Children collect water at the world's largest refugee camp, Cox's Bazar in Bangladesh. Photo / Supplied
Thirteen New Zealand aid organisations have banded together to issue a stark warning today over the millions of children plunged into hunger by the global coronavirus pandemic.
The major aid agencies - Adra, Caritas, CBM, ChildFund New Zealand, Hagar, Hope St, International Needs, Orphans Aid International, The Salvation Army, Save the Children, Tearfund, VSA and World Vision - are calling on Kiwis to help "resource their global neighbours" to help deal with the mounting disaster.
While it is hard to predict, a preliminary assessment suggests that Covid-19 may add between 83 and 132 million people to the total number of undernourished in the world.
Covid-19 is compounding the situation and threatening to unravel decades of progress towards the reduction of extreme poverty, the aid groups say.
"Without swift action, we will very likely see a rapid return to historic levels of poverty," says Ian McInnes, Council for International Development chairman and Tearfund chief executive.
"With fractured food markets and rising unemployment, hunger levels and the numbers facing starvation are rising."
According to UN researchers, the pandemic could see a further 395 million people plunged into extreme poverty.
Save the Children and Unicef say a further 86 million children could fall into poverty by the end of this year alone.
"People here have looked after their neighbours and the most vulnerable people in New Zealand," says national director of World Vision New Zealand, Grant Bayldon.
"Now it's time to help our global neighbours, who have been hit harder than us by this crisis.
"Our most essential work right now is getting food and supplies to those in need, especially in refugee camps.
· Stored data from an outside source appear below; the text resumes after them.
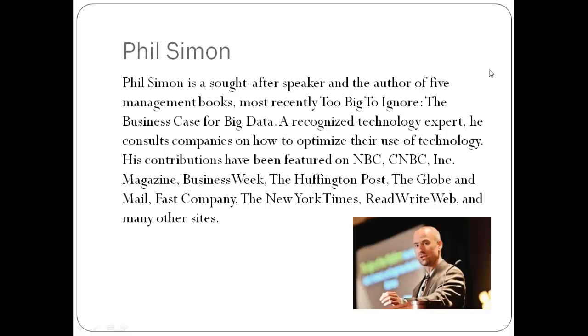There is no shortage of definitions around the term big data. I saw a blog post with 37 sanctioned definitions. Early on in the book, I decided that finding the proper definition wasn't really possible. And more important, it really wasn't necessary.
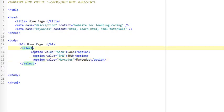Now I can turn this into a multiple selection simply by coming over here and typing in multiple. So now the user can select more than one option. So if I come and select Saab, hold control and BMW, you can see both of them can be selected.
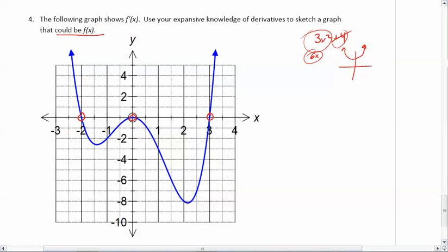I need a maximum or minimum at each x-intercept, so I'm going to create a stationary point right there — making it horizontal to show it needs to be flat. Now, this graph is the derivative, and right here f prime of x is positive. If the derivative is positive, then the slope should be positive. So I need a positive slope leading up to this stationary point. After that x-intercept, the values of f prime of x are now negative, which means the slope of the original graph should be negative.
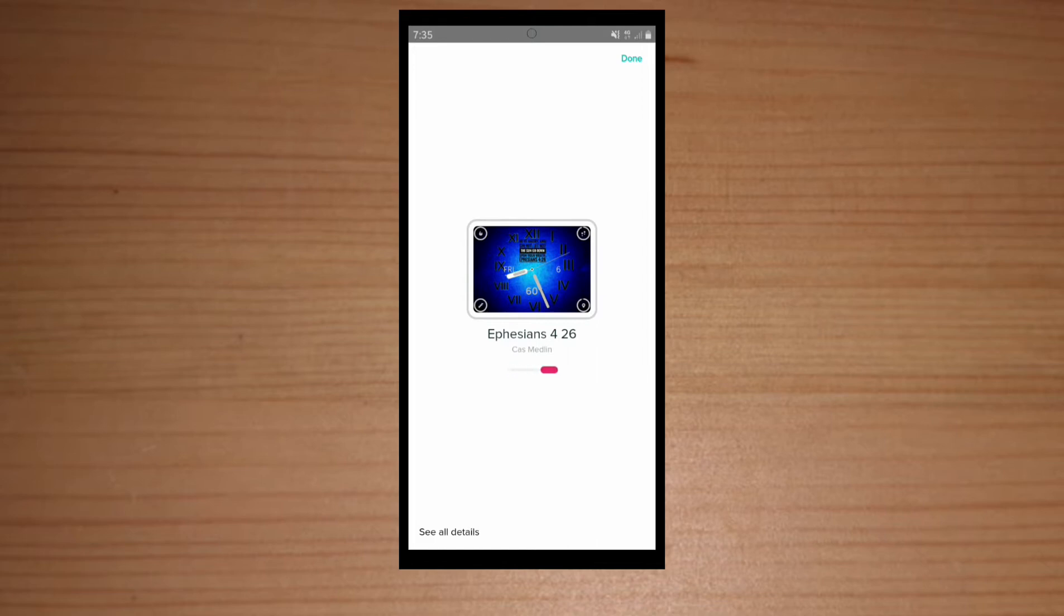We're going to hit select install. Alright guys, remember to subscribe and like this video for more Fitbit information like this.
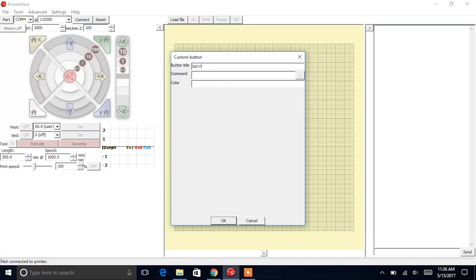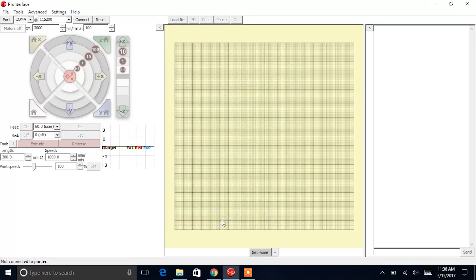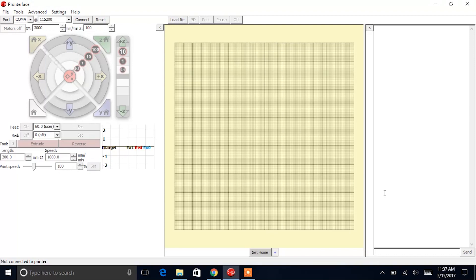I will enter Set Home for the button title. I'll enter the command that's specified in the user guide, so that's G92X25Y25Z0 for the command and hashtag CCCCCC for the color. And click OK. And you can see we have our set home position button added here. Go ahead and enter the information for the remaining 15 buttons found on pages 19 and 20 of your user guide.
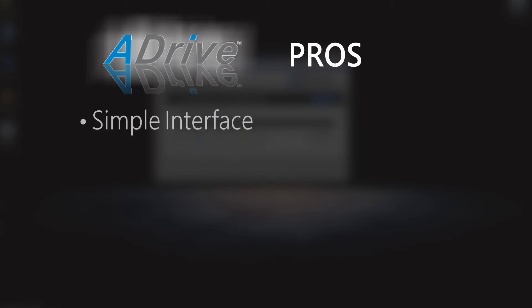The upsides of ADrive are it has a really simple interface. As you can see, the web interface is pretty intuitive, and the desktop version is very simple.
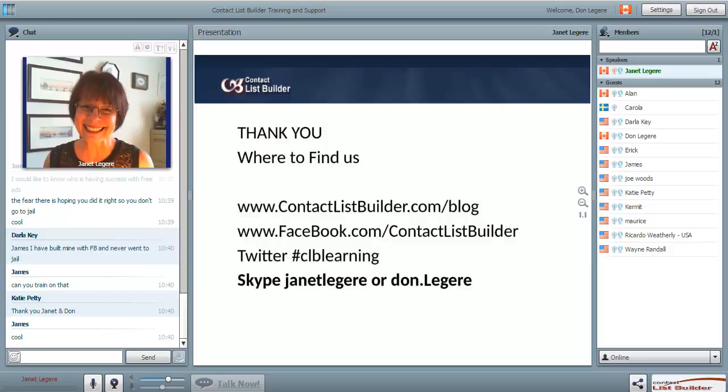Get out there and introduce people to CLB, bring them through the system, and I promise you're going to start making money. That's it for me today. Next week we'll do Facebook training with desktop sharing. In the meantime, we're always on Skype, you can find me on Facebook, you can text me or email me - I'm always accessible. Please don't be alone. Love you guys.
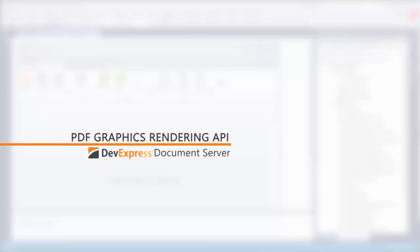Our PDF document processor ships with the API that allows you to generate a document from scratch. In this video, we'll look at how you can use graphics to create a business card.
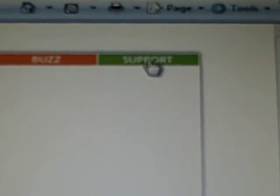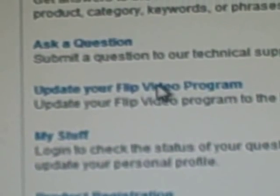And click on support, which is up here. Support, click support, and then it'll pull up find answers, ask questions, update your flip video program, and that's what you want to do is click update your flip video program.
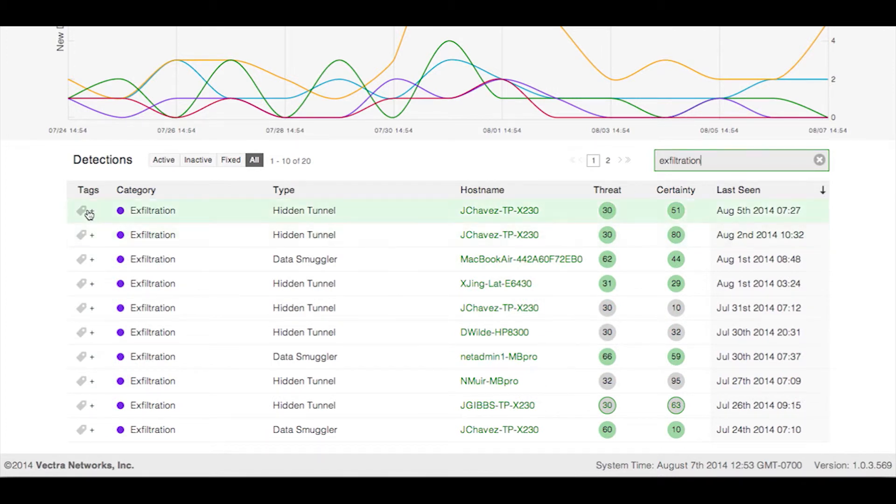You can further enhance the search process by using the Tags column, which you may have noticed in our demo of the Hosts page. Tagging enables the labeling of specific hosts or detections so that they can be quickly and easily located or referenced at a future point in time.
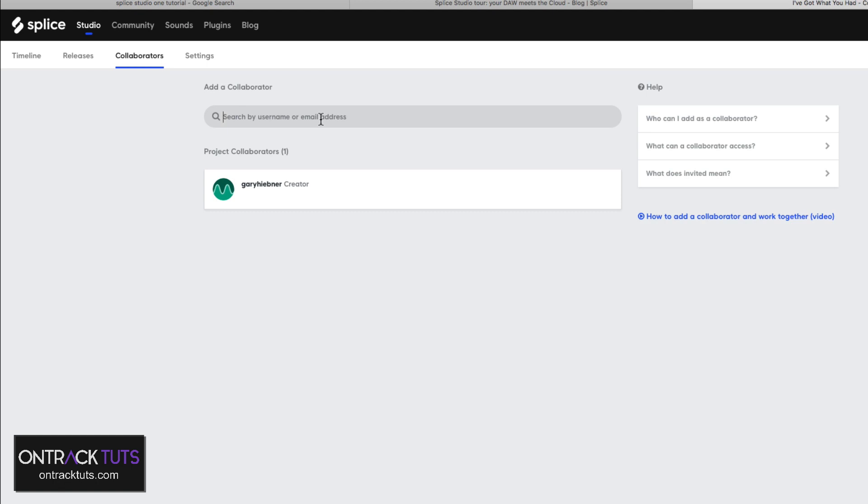Now next, I want to take it even a step further and show you how you can use Splice's eDNA web browser tool to use as a collaboration tool with other artists and producers.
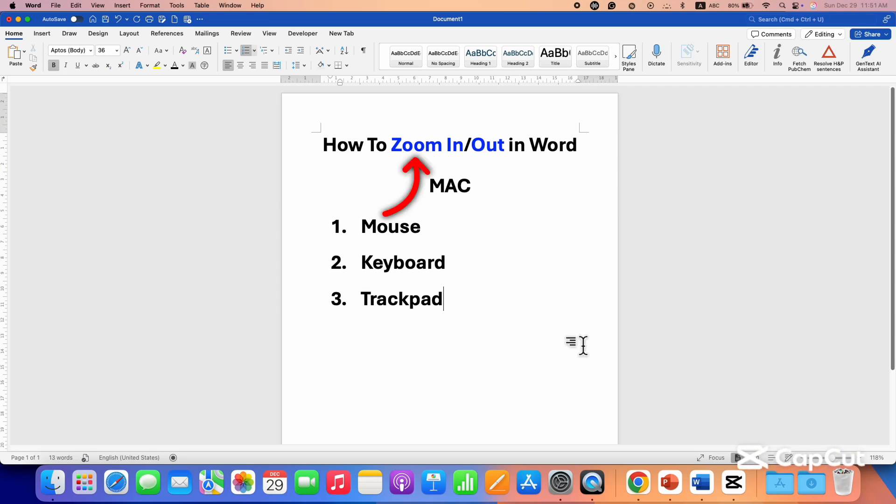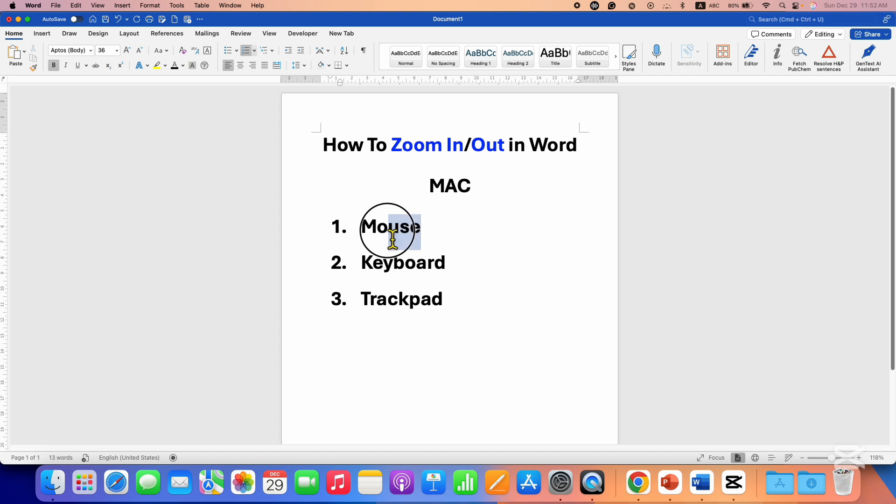In this video you will see how to zoom in and zoom out in Word on Mac. There are three quick methods. Let's see each method one by one. You can use the mouse to zoom in and zoom out.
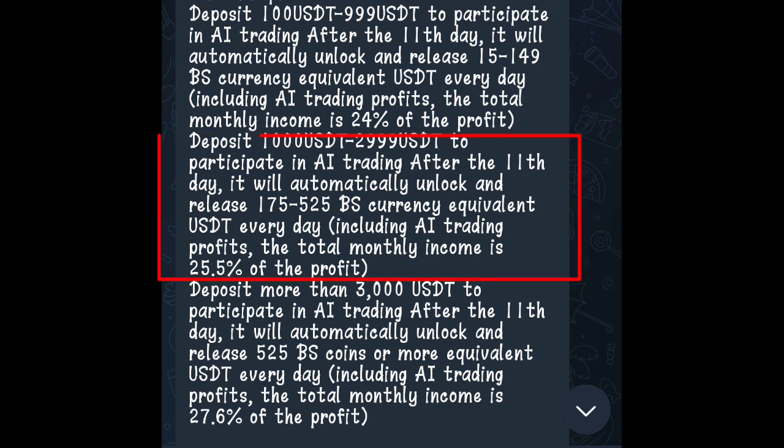Deposit more than 3,000 USDT to participate in AI trading. After the 11th day, it will automatically unlock and release 175 to 525 BS currency equivalent USDT every day, including AI trading profits. The total monthly income is 25.5% of the profit.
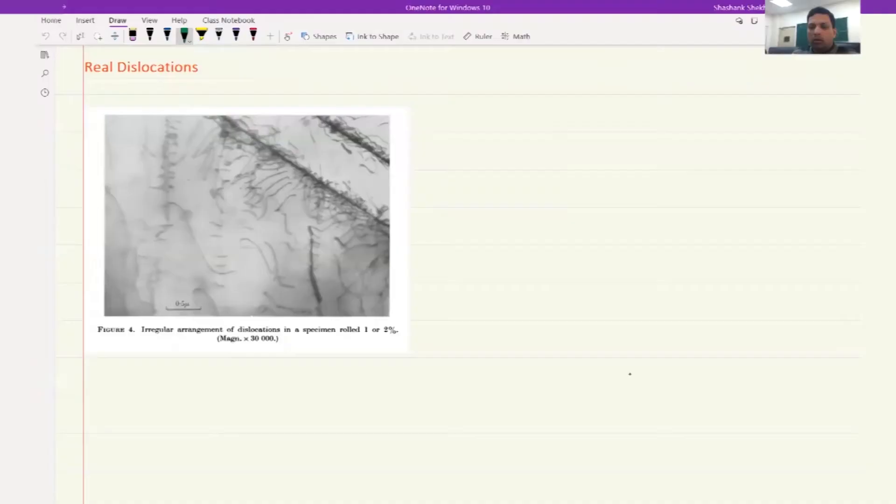Welcome back students. Today we will continue our discussion on dislocations. We are now well versed with some of the very fundamental characteristics of dislocations. We know that there are two types: edge dislocation and screw dislocation. Now we will continue our understanding about dislocations. This is a TEM micrograph from a journal taken to showcase how a dislocation looks like in a real material.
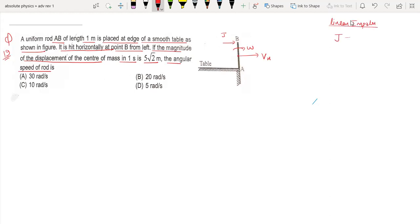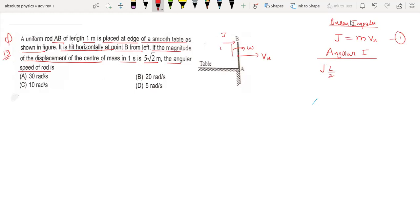The linear impulse J is equal to mass times vx. The angular impulse about the center of mass equals J times L/2, which equals I times omega. The moment of inertia of the rod is mL²/12, so J equals mL times omega divided by 6, giving us J = mLω/6.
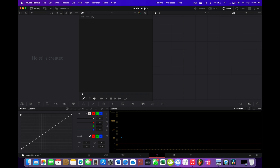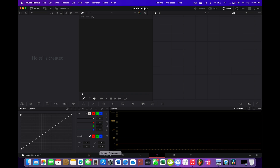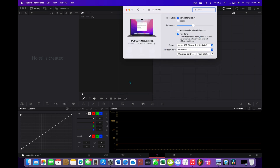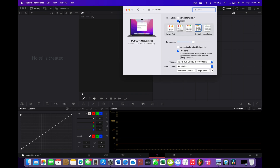To solve this problem, go to System Preferences, then click on Display, and under Resolution just click on Scaled. From the default 1728x1117, change it to 2056x1329.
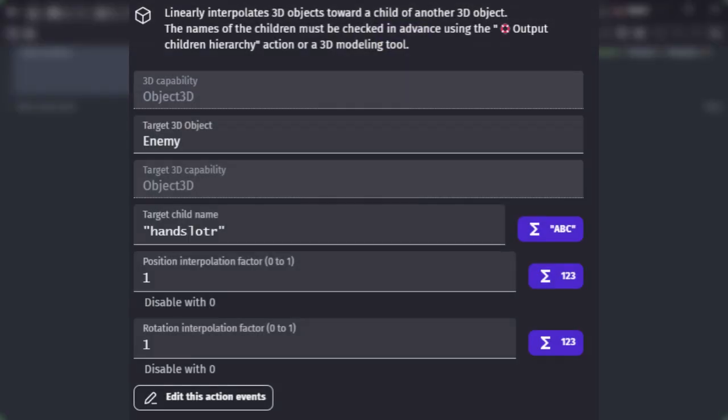This action has a parameter called Target Child Name. You need to find the child's name beforehand using the Output Children Hierarchy action or your 3D modeling tool.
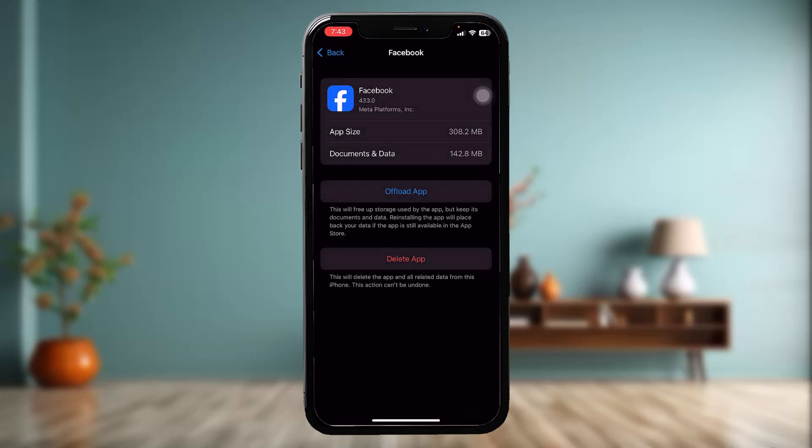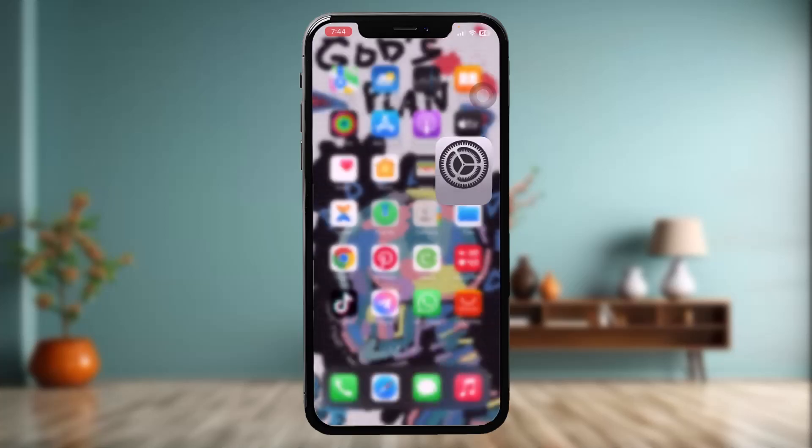What this does is it resets the app, clearing all the glitches and bugs present in the app which might be causing the problem. Once the process is complete, you'll have an option that says Reinstall App — simply tap on that.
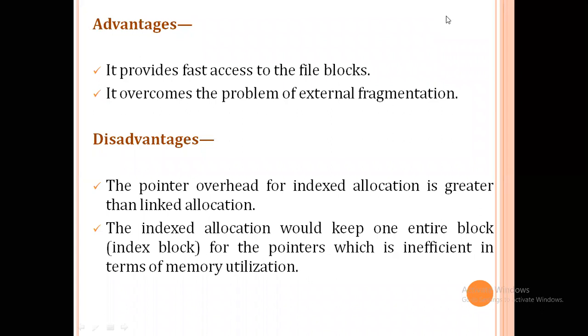This was our file allocation method and its three very important types: contiguous allocation, linked allocation, and index allocation. Thank you.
Donations from Kiwis will support that work."
Bayldon says the world hasn't seen a disaster of this magnitude in recent history.
"This is unlike a natural disaster because its impacts are not confined to one region, this is widespread and prolonged."
McInnes says children in low-income countries will need to be protected from not only the virus itself but also from "downstream effects", like a food security crisis that will significantly impact them more than those in higher-income countries.
"Kiwis can play a part in ensuring that children are properly supported and that the gains made in fighting poverty in recent years are not lost, by giving to an organisation working with children," McInnes says.
"In low-income countries, there aren't the social welfare safety nets that Kiwis have access to, or the advanced health systems, Adra chief executive Denison Grellmann says.
Sanitation and social distancing are also more challenging for those living in a refugee camp or crowded urban slum.
"As a result, children are at greater risk of losing a parent or caregiver which can leave them destitute," he says.
Lockdowns have also severely impacted children as parents have not been able to earn a living, Grellmann says, and families have been faced with being evicted because they can't pay their rent.